Web page caption snippets:
*** Begin section ***
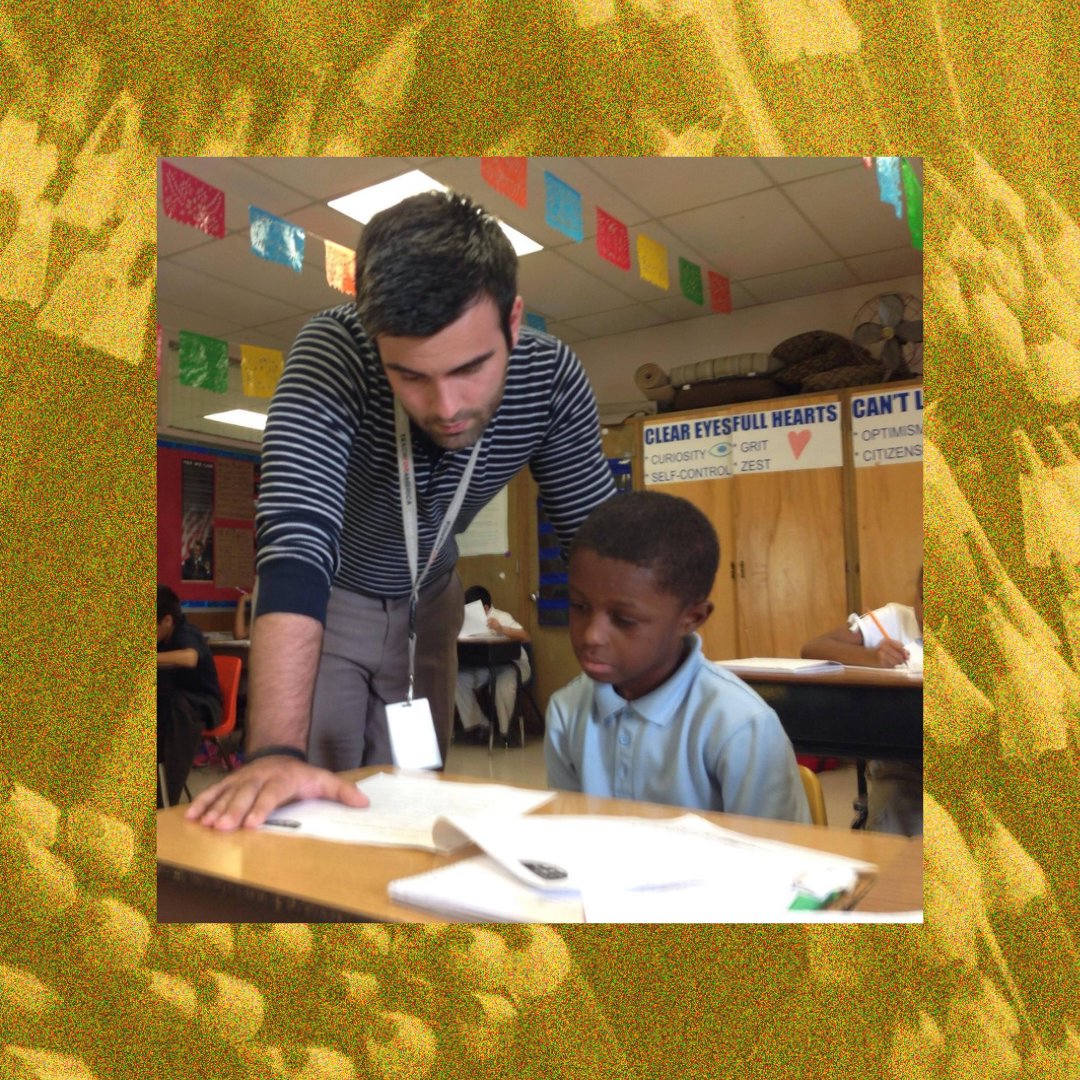 TFABaltimore tweet media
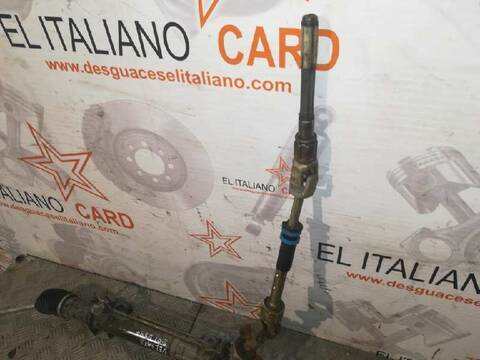 Foto 3ª: Cremallera de Direccion Renault Vel Satis PRIVILEGE 163CV 120KW [F4R762] (2002)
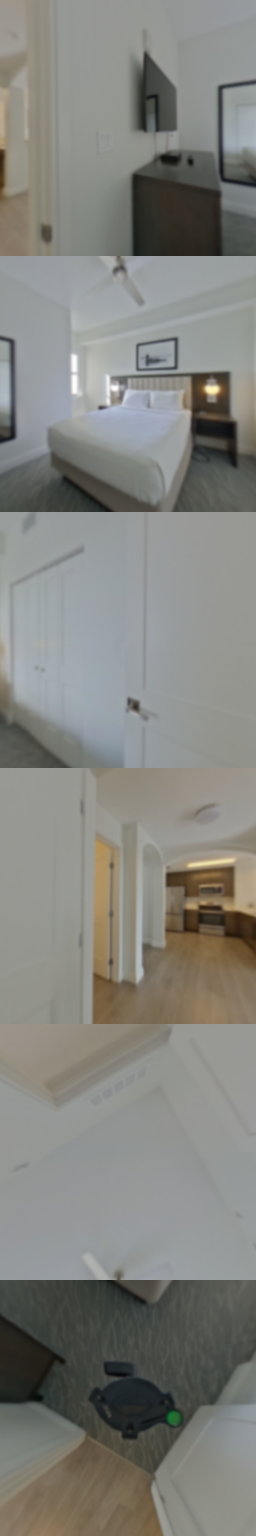 loading blurry tour image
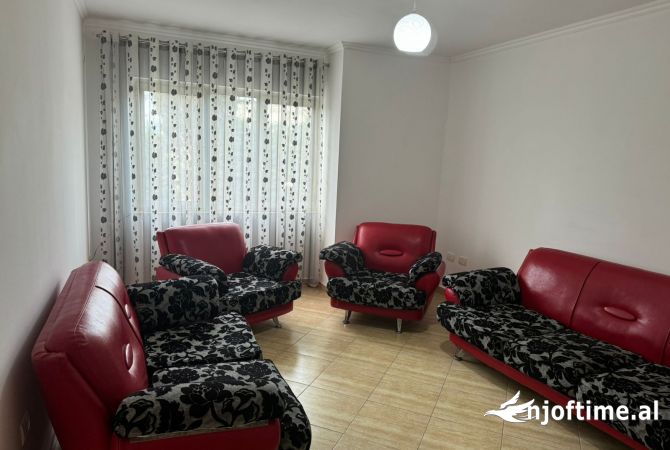 Shtepi ne shitje 1+1 ne Tirane - 92,000 Euro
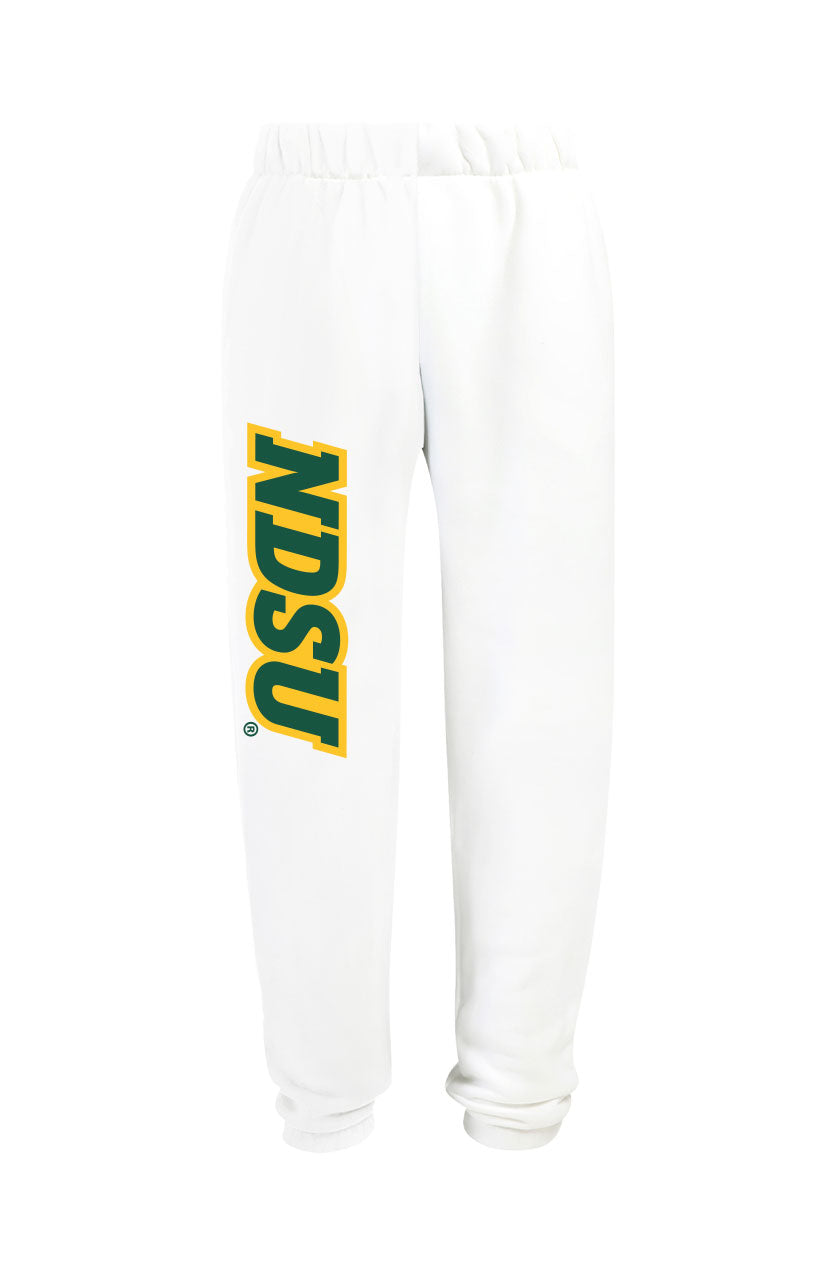 NDSU Basic Sweats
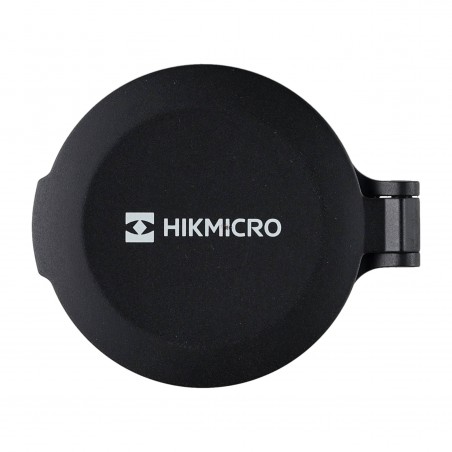 Osłona obiektywu HIKMICRO Thunder TQ50CL 3.0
*** End section ***
YOUR INSTRUCTIONS: Set down word for word every line from the one containing "NDSU Basic Sweats" through the last line of the records above, both ends included. Leave out the pictures.

TASK ANSWER:
 NDSU Basic Sweats
 Osłona obiektywu HIKMICRO Thunder TQ50CL 3.0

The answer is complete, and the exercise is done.